Intersection

Problem Statement

We have a number line. Takahashi painted some parts of this line, as follows:

• First, he painted the part from $X=L_1$ to $X=R_1$ red.
• Next, he painted the part from $X=L_2$ to $X=R_2$ blue.

Find the length of the part of the line painted both red and blue.

Constraints

• $0\leq L_1<R_1\leq 100$
• $0\leq L_2<R_2\leq 100$
• All values in input are integers.

Input

Input is given from Standard Input in the following format:

$L_1$ $R_1$ $L_2$ $R_2$

Output

Print the length of the part of the line painted both red and blue, as an integer.

Sample Input 1

0 3 1 5

Sample Output 1

2

The part from $X=0$ to $X=3$ is painted red, and the part from $X=1$ to $X=5$ is painted blue.

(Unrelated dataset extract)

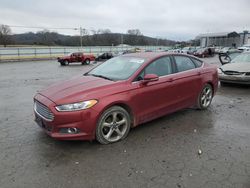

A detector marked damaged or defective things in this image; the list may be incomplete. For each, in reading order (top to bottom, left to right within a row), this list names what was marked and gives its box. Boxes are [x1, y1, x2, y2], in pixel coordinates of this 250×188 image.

damaged vehicle [218, 51, 250, 84] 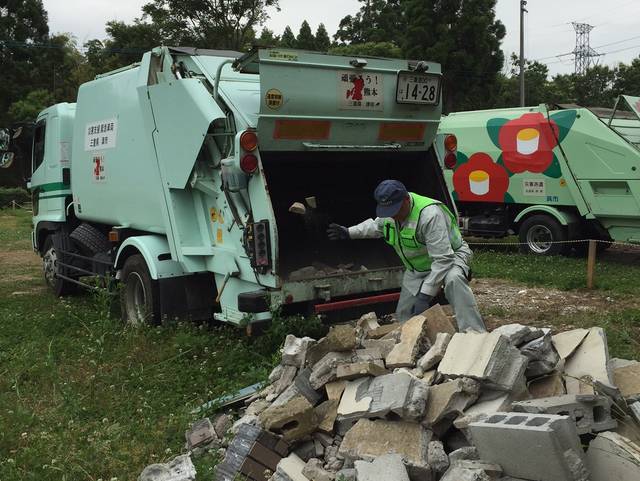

Thus, the part from $X=1$ to $X=3$ is painted both red and blue, and its length is $2$.

Sample Input 2

0 1 4 5

Sample Output 2

0

No part is painted both red and blue.

Sample Input 3

0 3 3 7

Sample Output 3

0

其实求出来的区间就是 \([\max(L_1,L_2),\min(R_1,R_2)]\)
特判区间为空，输出区间长度。

#include<bits/stdc++.h>
using namespace std;
int l1,r1,l2,r2;
int main()
{
	scanf("%d%d",&l1,&r1);
	scanf("%d%d",&l2,&r2);
	if(max(l1,l2)>min(r1,r2))
		printf("0");
	else
		printf("%d",min(r1,r2)-max(l1,l2));
}